Phase 2: Acetic Acid Fermentation (3-6 Weeks)
- Strain: Once the first stage is complete, strain the liquid through a fine-mesh sieve or cheesecloth into a clean bowl or back into the same jar. Discard the apple solids (compost them!).
- Continue Fermenting: Re-cover the liquid with the breathable cover (coffee filter/cloth) and return it to the warm, dark spot.
- Wait for Vinegar: Over the next 3-6 weeks, acetic acid bacteria will convert the alcohol into acetic acid (vinegar). A gelatinous, cloudy film called the “Mother of Vinegar” (similar to a kombucha SCOBY) may start to form on the surface—this is a good sign! It’s harmless and helps the process.

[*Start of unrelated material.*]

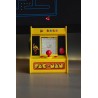 Fizz PAC-MAN Desktop Arcade (320120)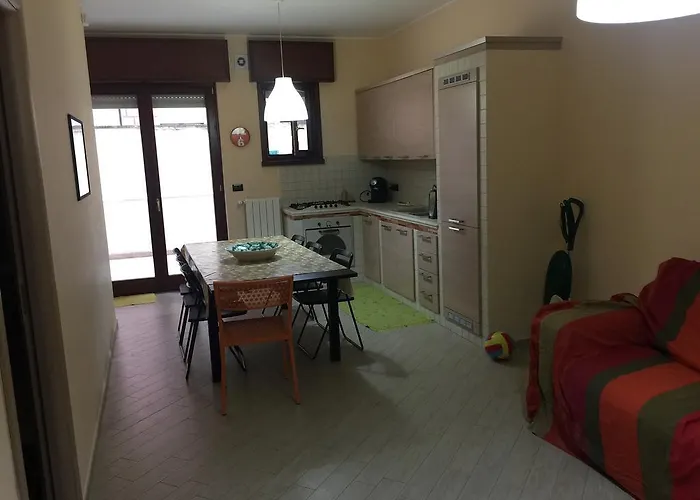 Bella Vista Апартаменти Галліполі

- Taste Test: Start tasting the liquid weekly after about 3-4 weeks. When it has a strong, tangy, and acidic taste (like store-bought ACV) and the sweetness is gone, your vinegar is ready.
- Bottle and Store: Once it’s to your liking, strain the vinegar one last time (if you want to remove the Mother, or you can leave it in). Pour the finished ACV into airtight, sterilized bottles. It can be stored at room temperature, although some prefer to refrigerate it to slow any further fermentation.